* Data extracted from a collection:
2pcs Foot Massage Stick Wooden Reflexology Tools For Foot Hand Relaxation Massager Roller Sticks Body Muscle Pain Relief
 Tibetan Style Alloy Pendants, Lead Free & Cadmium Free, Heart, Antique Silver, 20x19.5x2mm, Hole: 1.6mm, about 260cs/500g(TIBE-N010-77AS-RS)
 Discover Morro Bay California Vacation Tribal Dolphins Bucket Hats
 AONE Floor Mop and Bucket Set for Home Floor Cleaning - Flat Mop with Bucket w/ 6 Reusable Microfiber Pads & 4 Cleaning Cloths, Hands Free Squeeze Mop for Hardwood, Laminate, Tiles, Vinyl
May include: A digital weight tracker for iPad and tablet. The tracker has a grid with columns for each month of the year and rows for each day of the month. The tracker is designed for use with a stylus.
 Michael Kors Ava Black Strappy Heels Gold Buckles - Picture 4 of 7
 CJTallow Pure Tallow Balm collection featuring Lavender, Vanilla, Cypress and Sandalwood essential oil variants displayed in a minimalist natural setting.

* Directions: Exactly the lines from the one holding "May include: A" through the end of the records above are to be returned, and nothing else.

* Your response:
May include: A digital weight tracker for iPad and tablet. The tracker has a grid with columns for each month of the year and rows for each day of the month. The tracker is designed for use with a stylus.
 Michael Kors Ava Black Strappy Heels Gold Buckles - Picture 4 of 7
 CJTallow Pure Tallow Balm collection featuring Lavender, Vanilla, Cypress and Sandalwood essential oil variants displayed in a minimalist natural setting.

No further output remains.